In some examples, the interposer 1404 may be formed as a PCB, including multiple metal layers separated from one another by layers of dielectric material and interconnected by electrically conductive vias. In some examples, the interposer 1404 may be formed of an epoxy resin, a fiberglass-reinforced epoxy resin, an epoxy resin with inorganic fillers, a ceramic material, or a polymer material such as polyimide. In some examples, the interposer 1404 may be formed of alternate rigid or flexible materials that may include the same materials described above for use in a semiconductor substrate, such as silicon, germanium, and other group III-V and group IV materials. The interposer 1404 may include metal interconnects 1408 and vias 1410, including but not limited to through-silicon vias (TSVs) 1406. The interposer 1404 may further include embedded devices 1414, including both passive and active devices. Such devices may include, but are not limited to, capacitors, decoupling capacitors, resistors, inductors, fuses, diodes, transformers, sensors, electrostatic discharge (ESD) devices, and memory devices. More complex devices such as radio frequency devices, power amplifiers, power management devices, antennas, arrays, sensors, and microelectromechanical systems (MEMS) devices may also be formed on the interposer 1404. The package-on-interposer structure 1436 may take the form of any of the package-on-interposer structures known in the art.

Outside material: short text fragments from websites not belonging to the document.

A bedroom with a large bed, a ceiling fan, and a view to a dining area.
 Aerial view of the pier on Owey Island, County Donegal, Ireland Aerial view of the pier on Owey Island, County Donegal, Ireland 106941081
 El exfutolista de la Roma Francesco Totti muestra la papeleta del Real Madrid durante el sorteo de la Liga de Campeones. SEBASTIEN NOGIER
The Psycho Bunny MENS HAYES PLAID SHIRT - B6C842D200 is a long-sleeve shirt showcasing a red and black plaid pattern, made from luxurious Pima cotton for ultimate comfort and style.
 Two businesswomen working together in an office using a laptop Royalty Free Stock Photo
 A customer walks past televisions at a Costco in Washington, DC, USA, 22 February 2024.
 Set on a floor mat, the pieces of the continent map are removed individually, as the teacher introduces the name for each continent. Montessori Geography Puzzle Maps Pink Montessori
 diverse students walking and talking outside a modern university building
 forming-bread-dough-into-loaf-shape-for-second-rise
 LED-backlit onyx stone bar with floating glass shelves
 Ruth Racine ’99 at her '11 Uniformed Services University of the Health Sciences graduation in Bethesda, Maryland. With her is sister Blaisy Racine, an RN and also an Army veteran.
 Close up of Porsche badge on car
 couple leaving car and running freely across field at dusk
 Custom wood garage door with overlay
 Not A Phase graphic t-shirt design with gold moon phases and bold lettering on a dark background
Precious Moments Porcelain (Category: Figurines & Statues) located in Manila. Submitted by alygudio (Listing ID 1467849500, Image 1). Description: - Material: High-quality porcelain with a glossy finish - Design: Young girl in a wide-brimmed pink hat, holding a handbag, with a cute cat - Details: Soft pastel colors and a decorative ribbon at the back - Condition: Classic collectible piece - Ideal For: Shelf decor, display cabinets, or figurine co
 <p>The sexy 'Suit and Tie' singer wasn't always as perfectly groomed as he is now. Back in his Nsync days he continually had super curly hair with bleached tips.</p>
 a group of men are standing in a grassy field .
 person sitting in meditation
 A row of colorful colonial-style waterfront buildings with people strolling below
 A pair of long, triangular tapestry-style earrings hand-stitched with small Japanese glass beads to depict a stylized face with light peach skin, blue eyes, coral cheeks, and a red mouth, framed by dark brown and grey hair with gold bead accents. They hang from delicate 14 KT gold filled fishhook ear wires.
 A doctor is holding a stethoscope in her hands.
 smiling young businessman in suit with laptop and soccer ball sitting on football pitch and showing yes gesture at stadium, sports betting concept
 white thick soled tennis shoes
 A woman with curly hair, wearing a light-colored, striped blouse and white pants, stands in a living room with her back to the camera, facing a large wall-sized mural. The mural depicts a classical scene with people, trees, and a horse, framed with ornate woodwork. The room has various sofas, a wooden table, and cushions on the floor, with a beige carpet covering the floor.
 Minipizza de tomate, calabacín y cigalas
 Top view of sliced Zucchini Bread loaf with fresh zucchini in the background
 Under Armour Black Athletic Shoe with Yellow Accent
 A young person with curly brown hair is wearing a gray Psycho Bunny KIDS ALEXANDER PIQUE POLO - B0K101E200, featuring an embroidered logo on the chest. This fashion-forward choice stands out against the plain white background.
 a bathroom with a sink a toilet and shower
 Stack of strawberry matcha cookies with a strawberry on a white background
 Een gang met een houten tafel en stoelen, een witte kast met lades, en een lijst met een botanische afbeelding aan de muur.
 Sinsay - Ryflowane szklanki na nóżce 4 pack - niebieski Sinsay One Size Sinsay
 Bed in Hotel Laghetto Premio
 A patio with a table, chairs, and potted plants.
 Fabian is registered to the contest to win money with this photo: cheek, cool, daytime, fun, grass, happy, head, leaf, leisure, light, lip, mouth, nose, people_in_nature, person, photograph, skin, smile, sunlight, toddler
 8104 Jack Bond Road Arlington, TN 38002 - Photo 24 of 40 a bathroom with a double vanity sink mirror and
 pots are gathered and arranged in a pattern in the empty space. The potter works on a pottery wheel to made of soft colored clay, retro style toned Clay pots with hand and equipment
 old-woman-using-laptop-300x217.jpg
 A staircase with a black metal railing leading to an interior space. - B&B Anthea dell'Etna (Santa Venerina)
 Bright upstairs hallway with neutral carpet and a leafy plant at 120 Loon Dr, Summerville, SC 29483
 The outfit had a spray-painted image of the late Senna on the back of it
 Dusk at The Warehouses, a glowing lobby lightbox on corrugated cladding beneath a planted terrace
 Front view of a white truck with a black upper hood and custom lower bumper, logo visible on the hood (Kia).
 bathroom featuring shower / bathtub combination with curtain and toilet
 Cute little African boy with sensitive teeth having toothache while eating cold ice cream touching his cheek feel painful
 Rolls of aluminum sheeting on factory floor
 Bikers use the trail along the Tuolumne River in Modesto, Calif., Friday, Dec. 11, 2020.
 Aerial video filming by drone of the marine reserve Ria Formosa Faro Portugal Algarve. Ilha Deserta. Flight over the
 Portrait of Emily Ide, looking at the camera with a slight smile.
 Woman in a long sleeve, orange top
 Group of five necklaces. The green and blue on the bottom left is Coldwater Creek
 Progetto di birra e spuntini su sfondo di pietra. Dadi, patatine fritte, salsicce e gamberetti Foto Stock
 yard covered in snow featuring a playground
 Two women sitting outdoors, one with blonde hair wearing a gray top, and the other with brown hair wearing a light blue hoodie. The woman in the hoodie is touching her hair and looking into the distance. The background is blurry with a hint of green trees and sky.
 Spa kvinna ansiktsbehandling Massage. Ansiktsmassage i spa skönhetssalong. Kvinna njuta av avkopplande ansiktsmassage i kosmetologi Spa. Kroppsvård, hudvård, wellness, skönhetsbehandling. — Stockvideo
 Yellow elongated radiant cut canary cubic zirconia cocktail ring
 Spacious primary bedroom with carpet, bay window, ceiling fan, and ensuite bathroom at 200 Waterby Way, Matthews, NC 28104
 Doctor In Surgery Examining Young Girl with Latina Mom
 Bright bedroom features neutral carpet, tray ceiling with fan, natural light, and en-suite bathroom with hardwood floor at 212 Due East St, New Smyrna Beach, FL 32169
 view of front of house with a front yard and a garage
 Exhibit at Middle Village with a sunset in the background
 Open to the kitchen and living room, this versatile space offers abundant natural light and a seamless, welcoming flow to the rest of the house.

The IC device assembly 1400 may include an IC package 1424 coupled to the first face 1440 of the circuit board 1402 by coupling components 1422. The coupling components 1422 may take the form of any of the examples discussed above with reference to the coupling components 1416, and the IC package 1424 may take the form of any of the examples discussed above with reference to the IC package 1420.

The IC device assembly 1400 illustrated in FIG. 14 includes a package-on-package structure 1434 coupled to the second face 1442 of the circuit board 1402 by coupling components 1428. The package-on-package structure 1434 may include a first IC package 1426 and a second IC package 1432 coupled together by coupling components 1430 such that the first IC package 1426 is disposed between the circuit board 1402 and the second IC package 1432. The coupling components 1428, 1430 may take the form of any of the examples of the coupling components 1416 discussed above, and the IC packages 1426, 1432 may take the form of any of the examples of the IC package 1420 discussed above. The package-on-package structure 1434 may be configured in accordance with any of the package-on-package structures known in the art.

FIG. 15 is a block diagram of an example electrical device 1500 that may include one or more of the example IC package 100. For example, any suitable ones of the components of the electrical device 1500 may include one or more of the device assemblies 1400, IC devices 1300, or dies 1202 disclosed herein, and may be arranged in the example IC package 100. A number of components are illustrated in FIG. 15 as included in the electrical device 1500, but any one or more of these components may be omitted or duplicated, as suitable for the application. In some examples, some or all of the components included in the electrical device 1500 may be attached to one or more motherboards. In some examples, some or all of these components are fabricated onto a single system-on-a-chip (SoC) die.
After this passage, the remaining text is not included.